*LISTED ENTRIES*:
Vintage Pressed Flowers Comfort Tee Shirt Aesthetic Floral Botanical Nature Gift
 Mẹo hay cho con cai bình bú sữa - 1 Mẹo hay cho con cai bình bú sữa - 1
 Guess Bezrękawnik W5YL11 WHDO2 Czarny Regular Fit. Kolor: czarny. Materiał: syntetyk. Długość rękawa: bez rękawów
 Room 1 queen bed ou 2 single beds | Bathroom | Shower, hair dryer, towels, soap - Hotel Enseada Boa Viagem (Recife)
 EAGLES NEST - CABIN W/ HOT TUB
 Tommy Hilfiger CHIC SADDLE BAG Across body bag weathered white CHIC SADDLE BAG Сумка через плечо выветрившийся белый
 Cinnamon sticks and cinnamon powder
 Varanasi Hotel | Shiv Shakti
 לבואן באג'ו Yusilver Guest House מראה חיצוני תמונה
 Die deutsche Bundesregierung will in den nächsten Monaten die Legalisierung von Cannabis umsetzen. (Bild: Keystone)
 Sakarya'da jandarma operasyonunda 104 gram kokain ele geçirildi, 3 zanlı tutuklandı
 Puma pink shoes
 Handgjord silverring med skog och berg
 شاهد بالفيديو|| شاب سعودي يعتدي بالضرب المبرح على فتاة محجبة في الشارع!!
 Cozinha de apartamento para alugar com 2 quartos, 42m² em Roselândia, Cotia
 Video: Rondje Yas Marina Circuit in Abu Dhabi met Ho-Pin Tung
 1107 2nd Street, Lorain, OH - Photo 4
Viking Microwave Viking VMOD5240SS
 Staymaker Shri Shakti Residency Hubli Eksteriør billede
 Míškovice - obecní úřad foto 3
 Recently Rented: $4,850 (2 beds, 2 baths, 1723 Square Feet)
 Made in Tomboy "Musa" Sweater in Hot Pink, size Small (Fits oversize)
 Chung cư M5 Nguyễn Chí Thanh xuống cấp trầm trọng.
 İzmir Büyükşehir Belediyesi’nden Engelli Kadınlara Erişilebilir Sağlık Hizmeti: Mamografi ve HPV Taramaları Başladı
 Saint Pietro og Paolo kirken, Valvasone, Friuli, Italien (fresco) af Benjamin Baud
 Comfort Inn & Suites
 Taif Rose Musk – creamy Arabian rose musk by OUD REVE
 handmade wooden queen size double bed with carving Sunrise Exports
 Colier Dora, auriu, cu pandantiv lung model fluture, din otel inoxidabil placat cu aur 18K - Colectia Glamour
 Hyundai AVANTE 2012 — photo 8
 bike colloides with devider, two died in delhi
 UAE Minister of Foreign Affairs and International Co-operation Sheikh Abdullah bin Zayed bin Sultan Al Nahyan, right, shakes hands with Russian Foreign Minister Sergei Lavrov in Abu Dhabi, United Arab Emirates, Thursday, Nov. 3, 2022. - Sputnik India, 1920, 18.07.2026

*TO DO*: The answer is the line containing "handmade wooden queen" together with every line after it in the records, repeated exactly and with nothing else.

*ANSWER FOR THE TASK*:
 handmade wooden queen size double bed with carving Sunrise Exports
 Colier Dora, auriu, cu pandantiv lung model fluture, din otel inoxidabil placat cu aur 18K - Colectia Glamour
 Hyundai AVANTE 2012 — photo 8
 bike colloides with devider, two died in delhi
 UAE Minister of Foreign Affairs and International Co-operation Sheikh Abdullah bin Zayed bin Sultan Al Nahyan, right, shakes hands with Russian Foreign Minister Sergei Lavrov in Abu Dhabi, United Arab Emirates, Thursday, Nov. 3, 2022. - Sputnik India, 1920, 18.07.2026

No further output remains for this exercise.